> **Records shown**
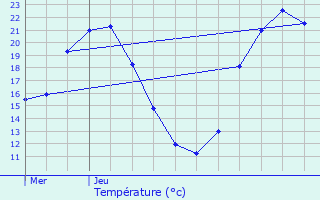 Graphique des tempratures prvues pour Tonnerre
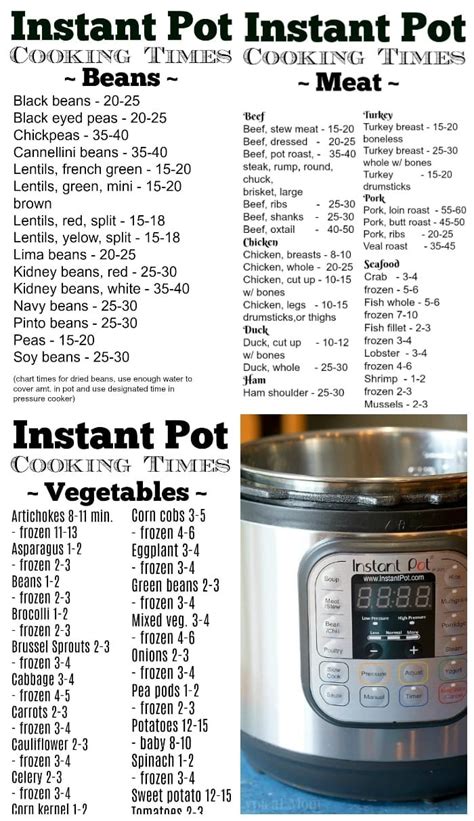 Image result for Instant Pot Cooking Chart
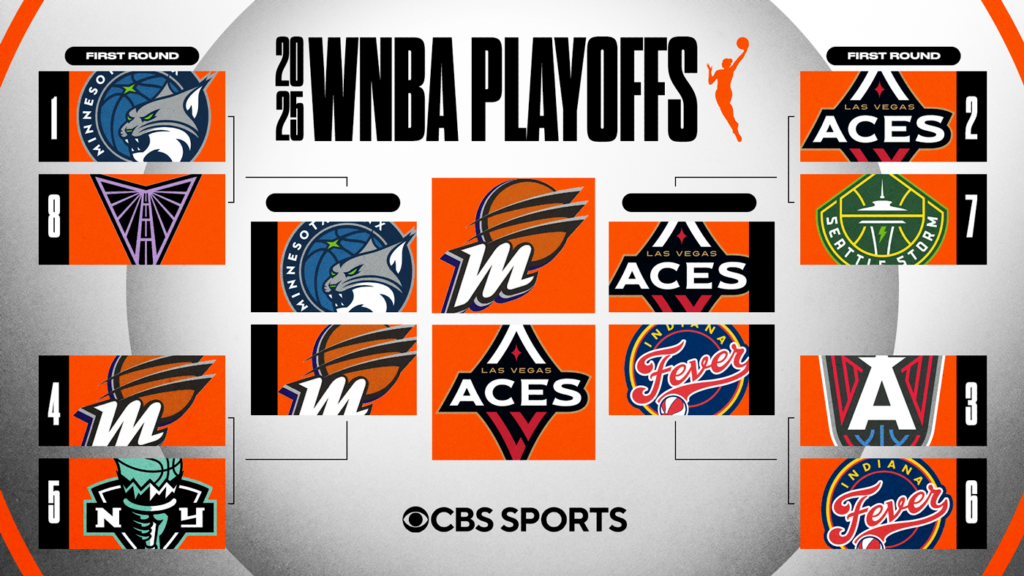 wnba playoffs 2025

* * *

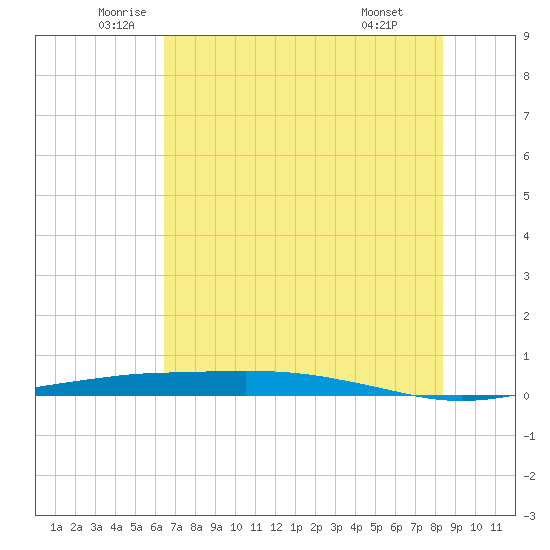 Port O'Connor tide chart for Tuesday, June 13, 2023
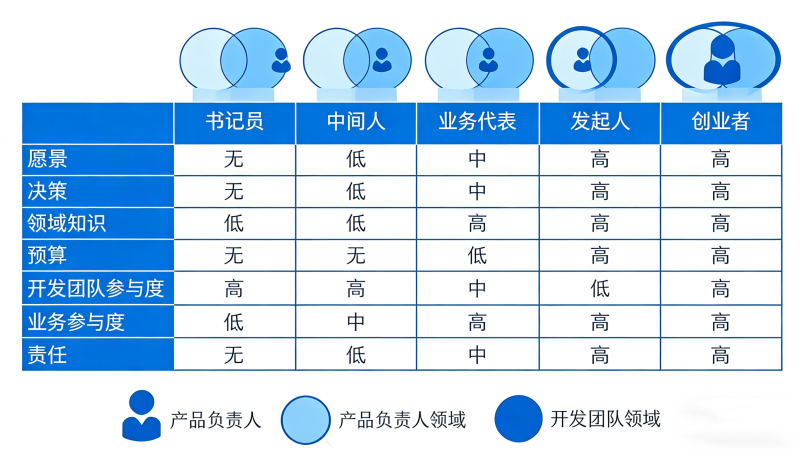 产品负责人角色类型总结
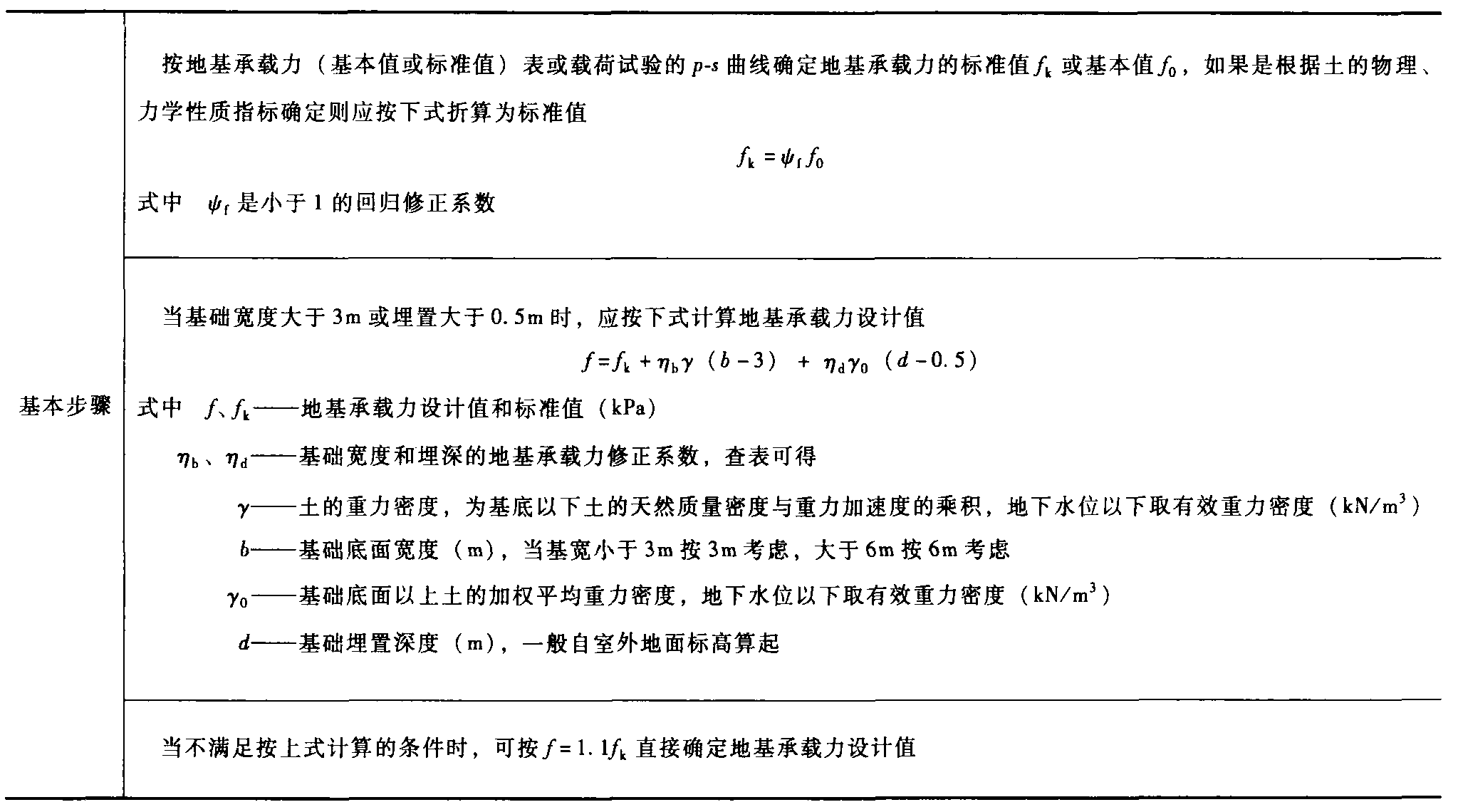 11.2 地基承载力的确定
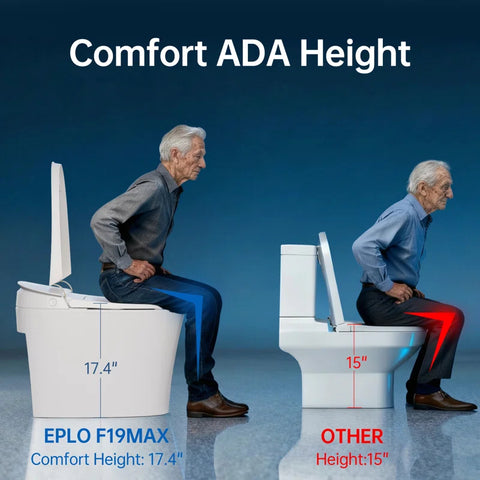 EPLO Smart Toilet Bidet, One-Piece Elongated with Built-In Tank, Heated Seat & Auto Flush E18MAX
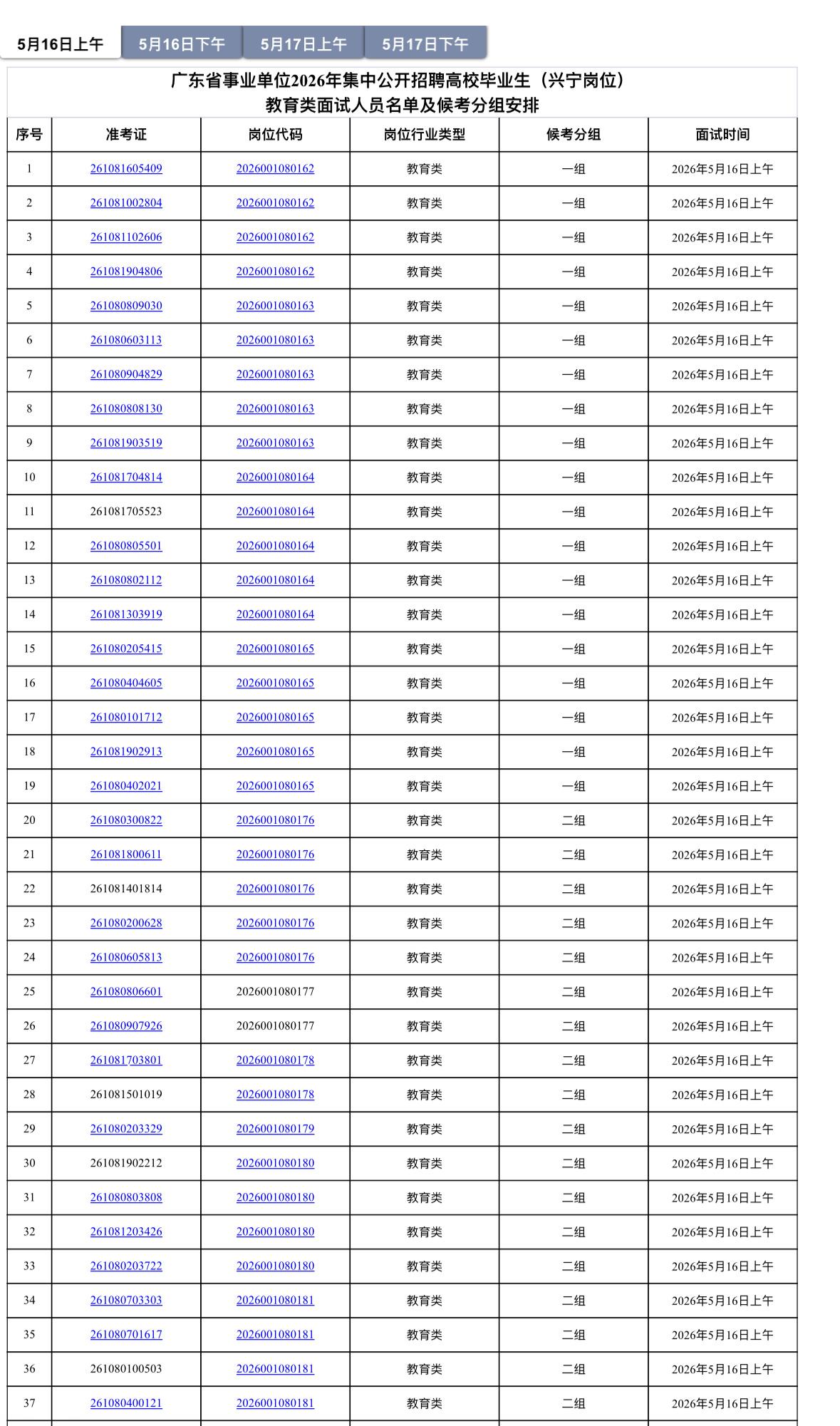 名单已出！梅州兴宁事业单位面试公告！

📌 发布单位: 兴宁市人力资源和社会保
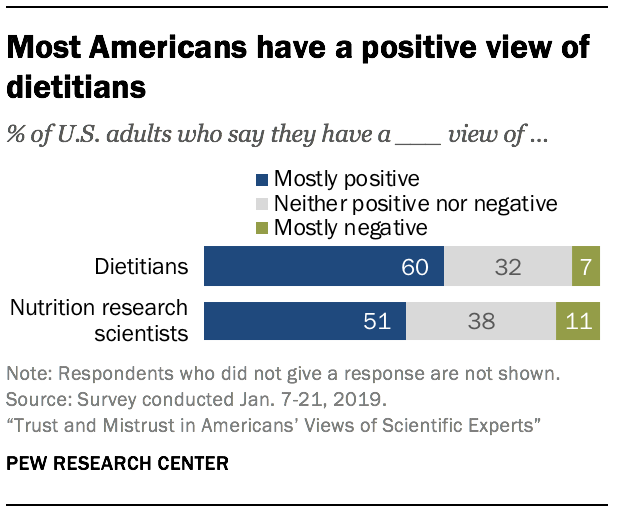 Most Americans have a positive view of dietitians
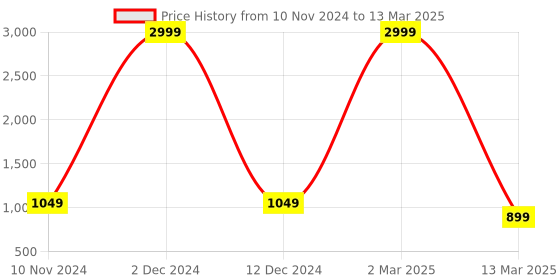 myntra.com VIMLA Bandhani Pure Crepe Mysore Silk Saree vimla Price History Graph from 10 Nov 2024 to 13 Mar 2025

---

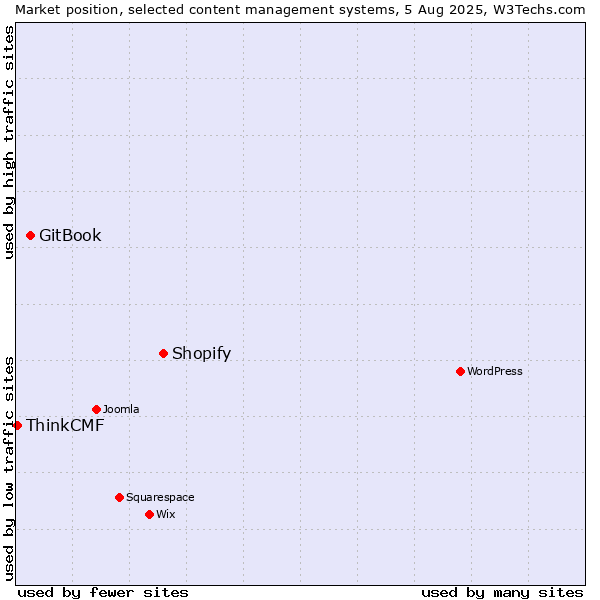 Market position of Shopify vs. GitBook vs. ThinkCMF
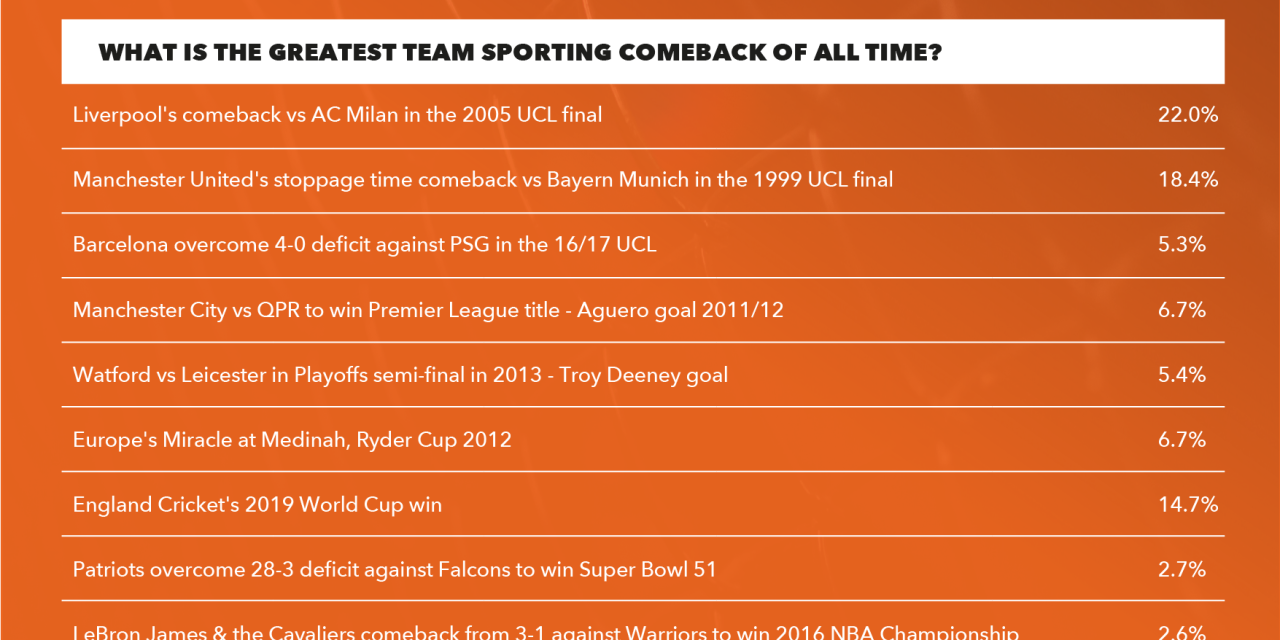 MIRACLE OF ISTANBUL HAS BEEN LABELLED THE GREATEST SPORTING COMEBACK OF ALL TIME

> **What this task involves**
Above are records; repeat only the lines from the line with "EPLO Smart Toilet" through the line with "myntra.com VIMLA Bandhani", and leave pictures out.

> **Reply to the task**
 EPLO Smart Toilet Bidet, One-Piece Elongated with Built-In Tank, Heated Seat & Auto Flush E18MAX
 名单已出！梅州兴宁事业单位面试公告！

📌 发布单位: 兴宁市人力资源和社会保
 Most Americans have a positive view of dietitians
 myntra.com VIMLA Bandhani Pure Crepe Mysore Silk Saree vimla Price History Graph from 10 Nov 2024 to 13 Mar 2025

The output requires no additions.